EXERCISE: Your task is to return, word for word, only the lines from the line with "faulty gas regulator of char broil grill" through the close of the data. Exclude all pictures.

========

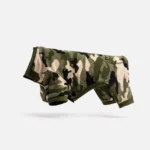 Dog Pajama - Camo | Comfy & Stylish Dog Onesie - Silver Paw Collection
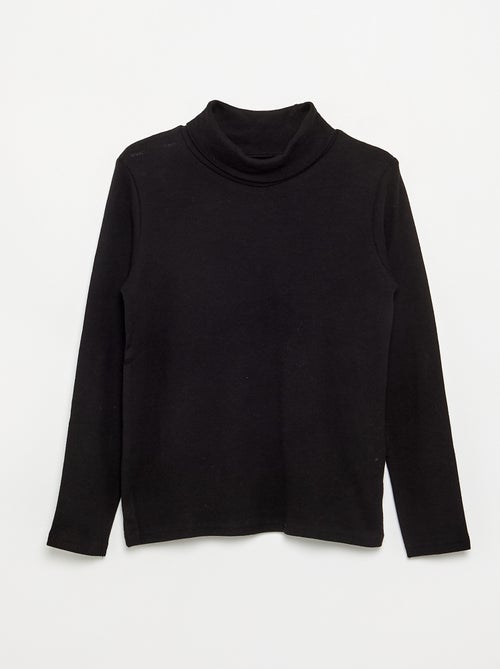 Sous-pull en maille côtelée - Kiabi Sous-pull en maille côtelée - Kiabi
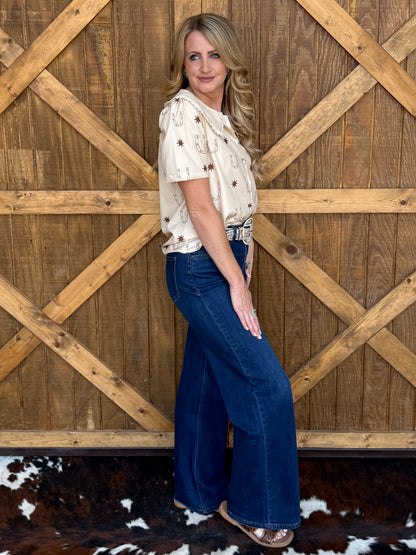 Cowgirl Jane Blouse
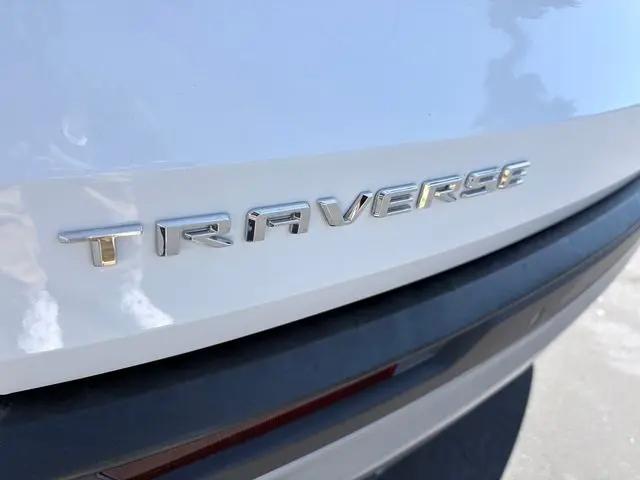2024 Chevrolet Traverse FWD LT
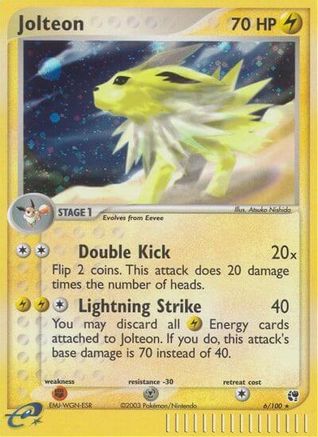 Sandstorm Jolteon #6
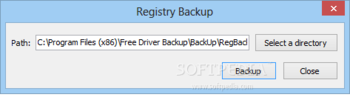Free Driver Backup screenshot 5
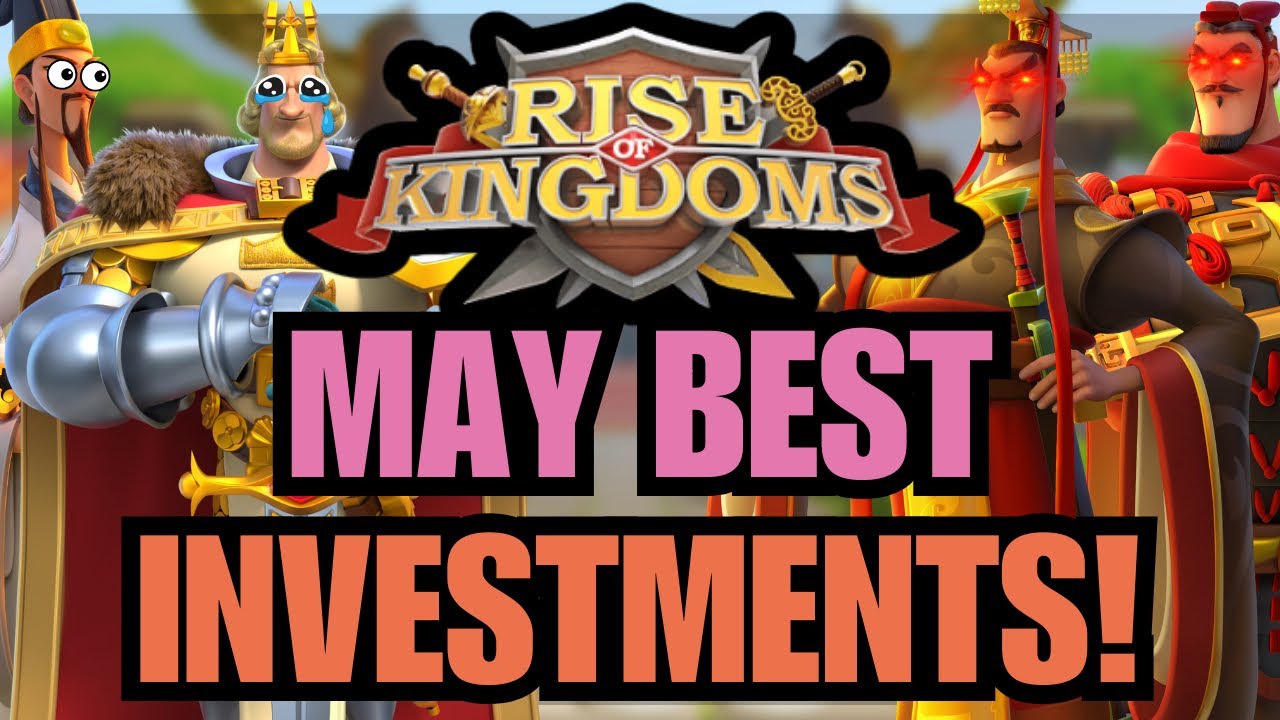 UPDATED Best Investment Tier-List! Who should YOU EXPERTISE? Rise of Kingdoms
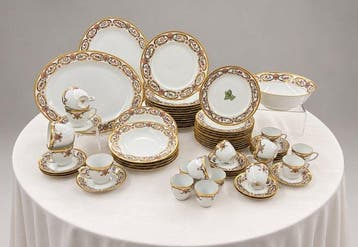 Cartier - Tafelservies (50) - La Maison du Prince -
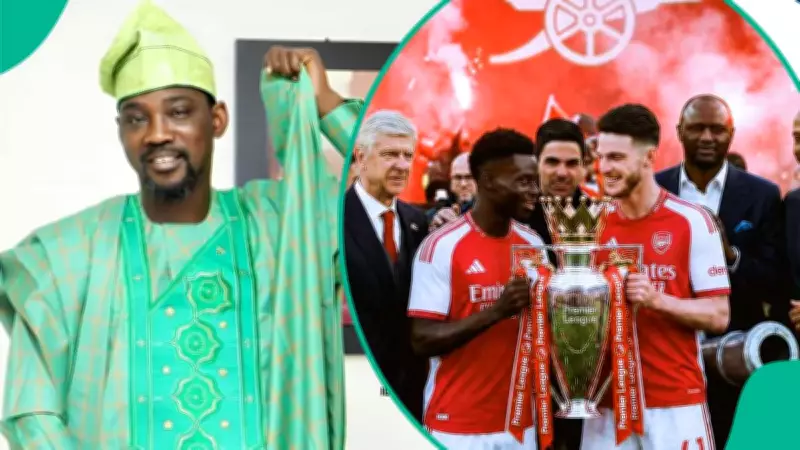 Pasuma Plans Mega Victory Party After Arsenal's 22-Year Premier League Triumph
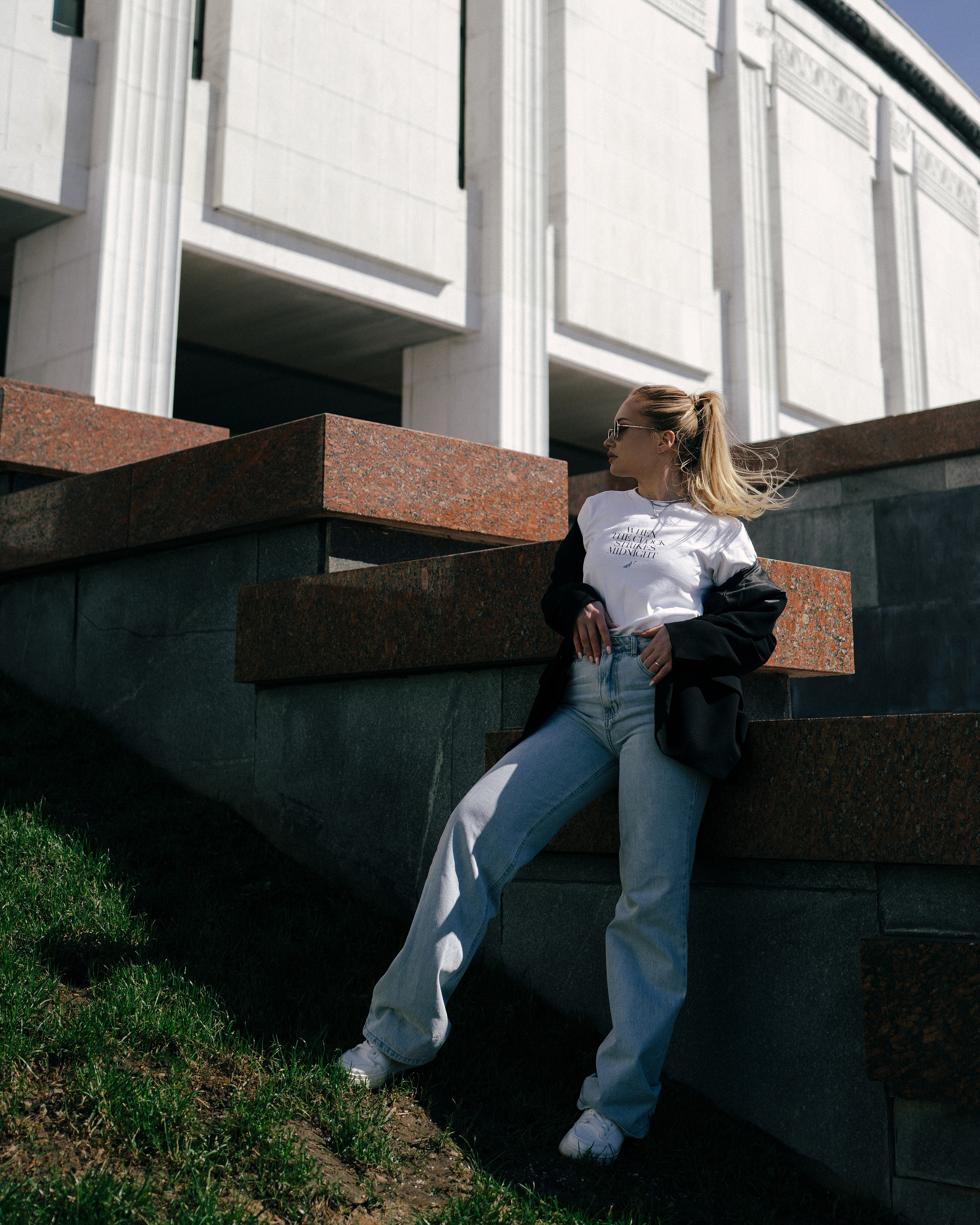 Воробьевы горы. Свадебный фотограф в Москве Кристина Чехова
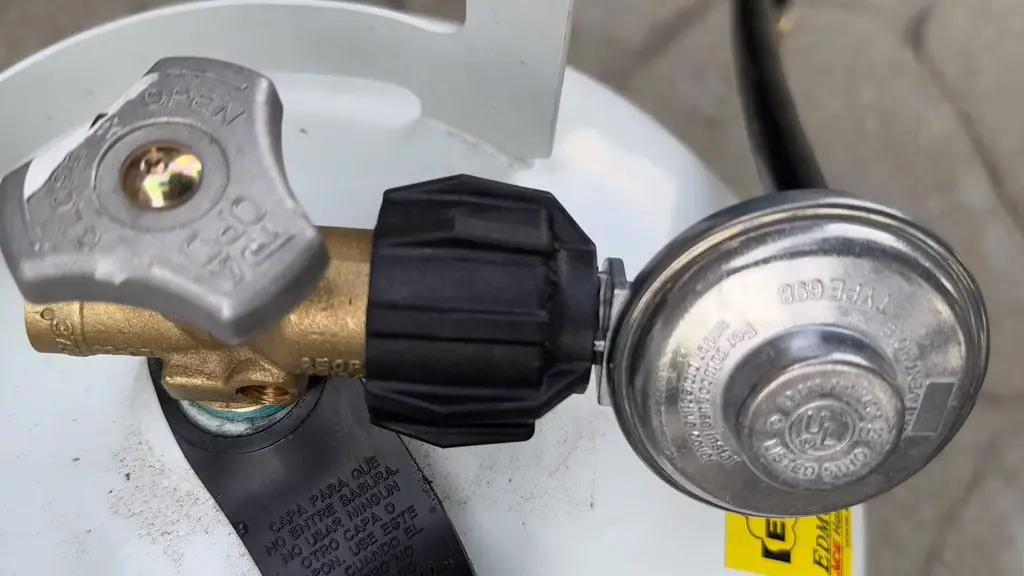 faulty gas regulator of char broil grill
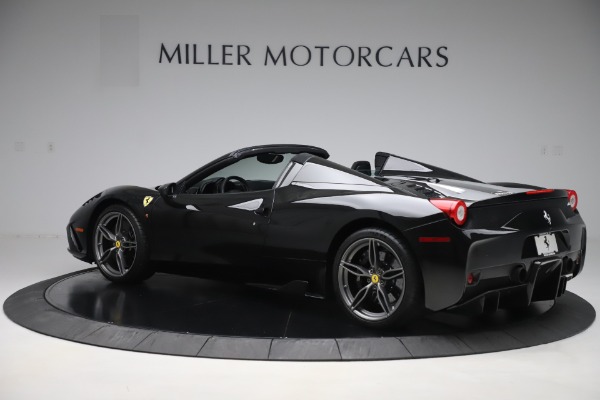 Used 2015 Ferrari 458 Speciale Aperta for sale Sold at McLaren Greenwich in Greenwich CT 06830 4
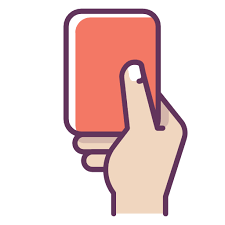 1+ vectors, stock photos & psd files. Icono Futbol Tarjeta Roja El Arbitro Gratis De Football Icons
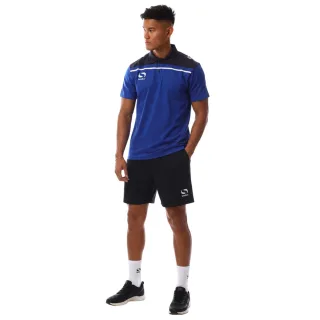 Sondico - "Precision" Poloshirt für Herren, Mit Kragen (Königsblau/Marine)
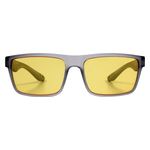 Kreedom - Denali Gaming Glasses with Microfiber Case - Crystal Dark Grey Product Image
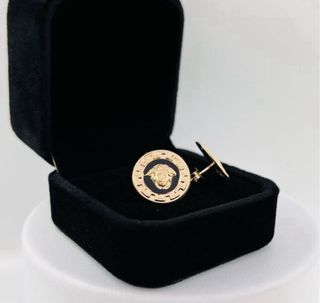 Pendientes Versace Medusa Oro 18K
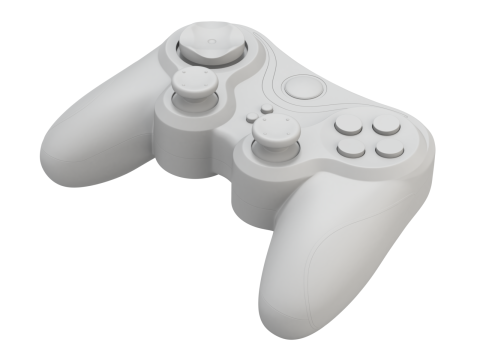 Wireless Bluetooth Gamepad 3D Модель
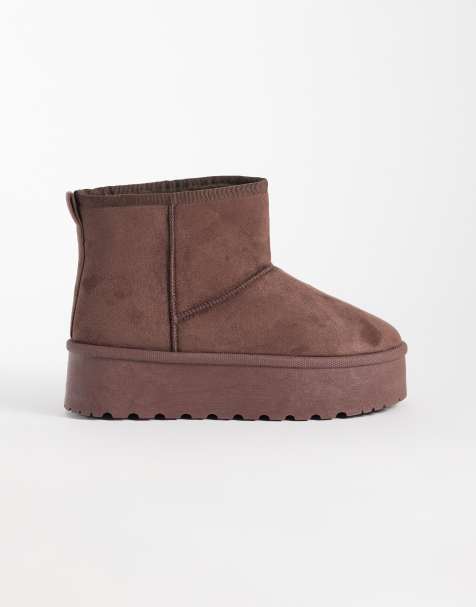 SEQWL – Bruna boots med flatform-sula - view 1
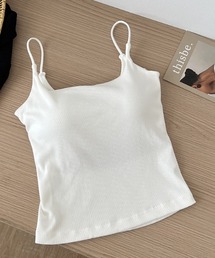 NoBelle（ノベル）の「バッククロス　カップ付き　背中見せキャミソール（キャミソール）」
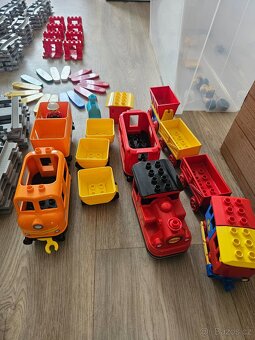 Lego Duplo koleje - 4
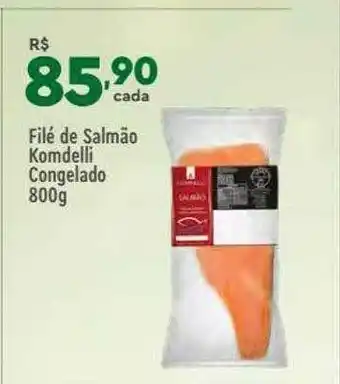Supper Rissul Filé De Salmão Komdelli Congelado oferta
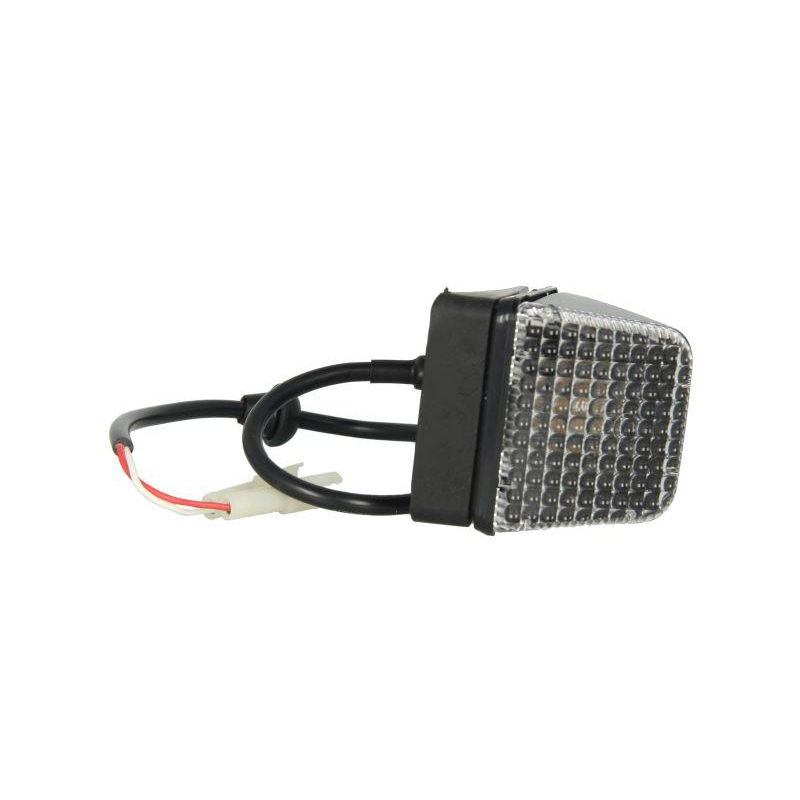 Ліхтар габаритний на дах Вольво прозорий/Габарит білий на дах VOLVO FH12, FH16, FL6 09.85- 1623726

========

SOLUTION TO THIS EXERCISE:
 faulty gas regulator of char broil grill
 Used 2015 Ferrari 458 Speciale Aperta for sale Sold at McLaren Greenwich in Greenwich CT 06830 4
 1+ vectors, stock photos & psd files. Icono Futbol Tarjeta Roja El Arbitro Gratis De Football Icons
 Sondico - "Precision" Poloshirt für Herren, Mit Kragen (Königsblau/Marine)
 Kreedom - Denali Gaming Glasses with Microfiber Case - Crystal Dark Grey Product Image
 Pendientes Versace Medusa Oro 18K
 Wireless Bluetooth Gamepad 3D Модель
 SEQWL – Bruna boots med flatform-sula - view 1
 NoBelle（ノベル）の「バッククロス　カップ付き　背中見せキャミソール（キャミソール）」
 Lego Duplo koleje - 4
Supper Rissul Filé De Salmão Komdelli Congelado oferta
 Ліхтар габаритний на дах Вольво прозорий/Габарит білий на дах VOLVO FH12, FH16, FL6 09.85- 1623726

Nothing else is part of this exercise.